28 Mart 2010 Pazar

Livaneli yine döndü

Zülfü Livaneli 5 yıl önce ayrıldığı CHP ile ilişkilerini tazeledi. Deniz Baykal’ı ziyaret eden Livaneli, “Baykal’a saygı eksilmedi, elimden geldiği kadar CHP’ye destek olacağım. Türkiye’nin gerçekten şu anda CHP’ye ihtiyacı var” diye konuştu. Livaneli son olarak AKP’nin Kürt açılımına verdiği destekle gündeme gelmişti. Açılıma destek vermeyenleri suçlayan Livaneli’nin AKP ile arası hükümetin UNESCO direktörlüğü için kendisini desteklememesi üzerine bozulmuştu.

24 Mart Çarşamba günü CHP Genel Merkezi’nde ziyaret ederek baş başa görüştüğü Baykal’ı son filmi “Veda”ya davet eden Livaneli, “Yanlış anlaşılmasın. Baykal’ı 1980’lerden beri tanırım, dostluğumuz, birlikte çalışmalarımız oldu. Bazı dönemlerde fikir ayrılıkları oldu ama hiçbir zaman ona saygım eksilmedi. Ziyaretten büyük mutluluk duydum, sahiden de özlemişim kendisini” dedi.

Livaneli Kürt açılımı gündeme geldiğinde kaleme aldığı yazılarla AKP’nin açılımına destek vermiş, açılıma sırt çeviren CHP’yi sert bir dille eleştirmişti. Kısa bir süre sonra Livaneli’nin UNESCO direktörlüğüne aday olmak istediği ancak AKP’den beklediği desteği göremediği basına yansıdı. Livaneli AKP’lilerle girdiği UNESCO polemiğinin ardından açılım tartışmasını sivri çıkışlar yapmadan köşesinden takip ediyordu.

Açılımı desteklemeyenleri milliyetçilikle suçladı
Livaneli 14 Ağustos 2009 tarihinde Vatan gazetesinde yazdığı AKP’nin Kürt açılımına destek yazısıyla tartışma yarattı. Livaneli yazısında şöyle dedi:

”Yabancı: Peki insan hakları, kültürel haklar, Avrupa Birliği gibi konularda sağcı partiler ne düşünüyor?

Siz: Sağcı parti Kürt sorununa evrensel insan hakları düzleminde bir çözüm geliştirmeye çalışıyor. Kan dursun diyor.

Yabancı: Ya solcu parti?

Siz: O daha milliyetçi bir söylemi benimsiyor ve bu açılımın Türkiye’yi böleceğinden korkuyor.

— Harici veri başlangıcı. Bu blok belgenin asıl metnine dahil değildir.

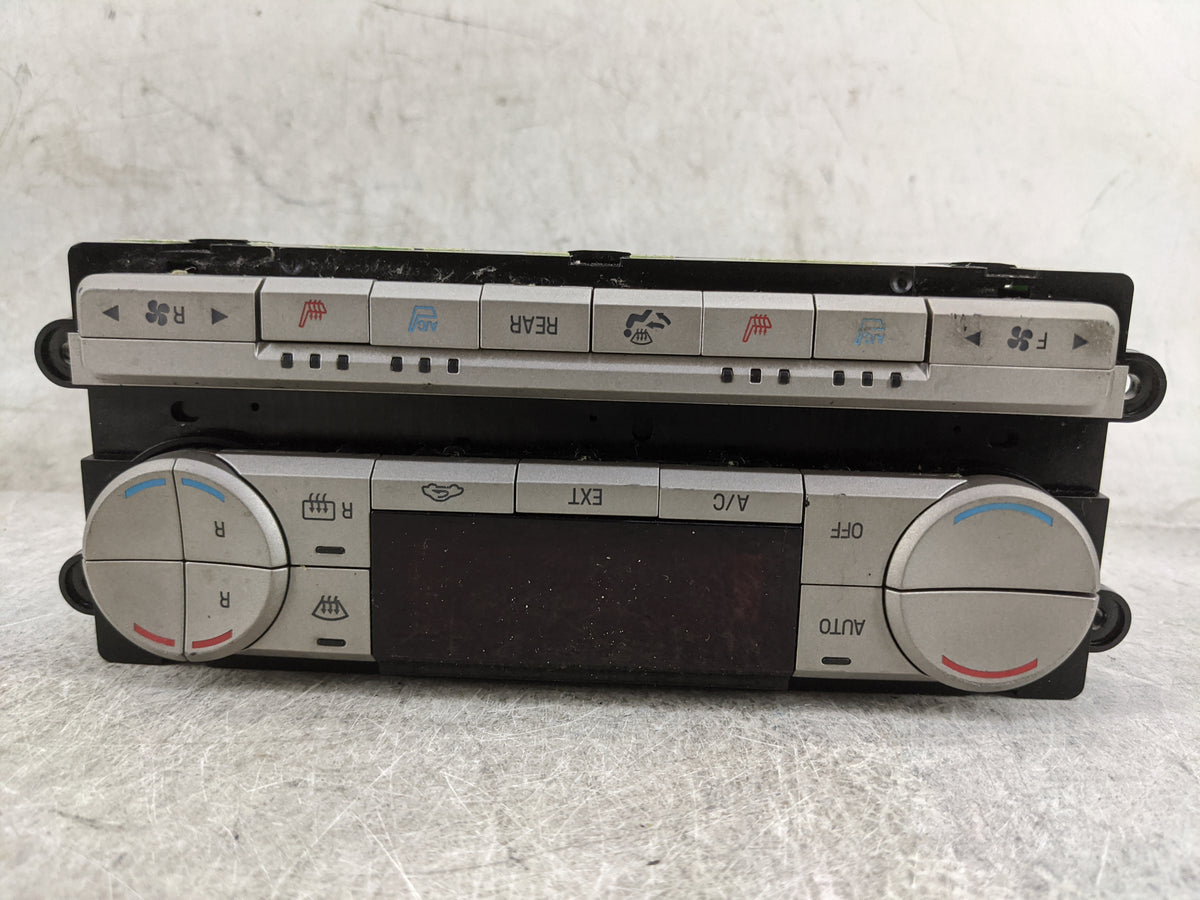 2007-2010 Lincoln Navigator Climate Control Module Temperature AC/Heater Replacement P/N:AL74-18C612-BB Fits OEM Used Auto P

Yabancı: Peki milliyetçi parti?

Siz: O da aynı şeyi söylüyor.

Yabancı: Avrupa Birliği konusunda durum ne?

Siz: Orada da durum üç aşağı beş yukarı aynı. Sağcı ve din ağırlıklı parti AB üyeliğini savunuyor, sol ve milliyetçi partiler buna kuşkuyla bakıyor.

Yabancı: Ya azınlıklar meselesi.

Siz: Sağcı Başbakan “Azınlıkları Türkiye’den kovmanın faşizm olduğunu” söylüyor. Ruhban okulunun ve Ermenistan sınır kapısının açılmasını istiyor. Sol ve milliyetçi partiler bu girişimleri ağır bir dille mahkûm ediyor.

(…)

Gerçek solun bu ülkede yıllardır savunduğu, uğruna bedel ödediği kavramları bugünün iktidarı dile getirdiğinde onlara karşı mı çıkılır, yoksa o kavramları dile getiren tutum desteklenir mi?”

UNESCO direktörlüğüne aday gösterilmedi
Livaneli’nin UNESCO direktörlüğü için kendisine destek vermeyen AKP’lileri 27 Eylül 2009 tarihinde Vatan gazetesindeki köşesinde şöyle yermişti:

“Aslında UNESCO meselesini yazmak ve uzatmak niyetinde değildim. Sadece küçük bir açıklamayla işi geçiştirmek istemiştim ama olmadı.

Dışişleri Bakanlığı’nın, 'Livaneli adaylık başvurusunda bulunmadı' açıklaması, beni bu konuda bir cevap vermeye mecbur bıraktı.

Çünkü herkesin bildiği gibi hükümetlerarası kuruluşlara şahsen aday olunmaz.

Ancak hükümetler aday gösterebilir.

Türk hükümeti beni aday göstermeyi kabul edip sonra aradan çekilseydi bile seçilmemiz kesindi. Çünkü dünyadan büyük bir destek vardı.

Ama dünya, Türk hükümetinin kendi yurttaşını aday yapmama inadını kıramadı.”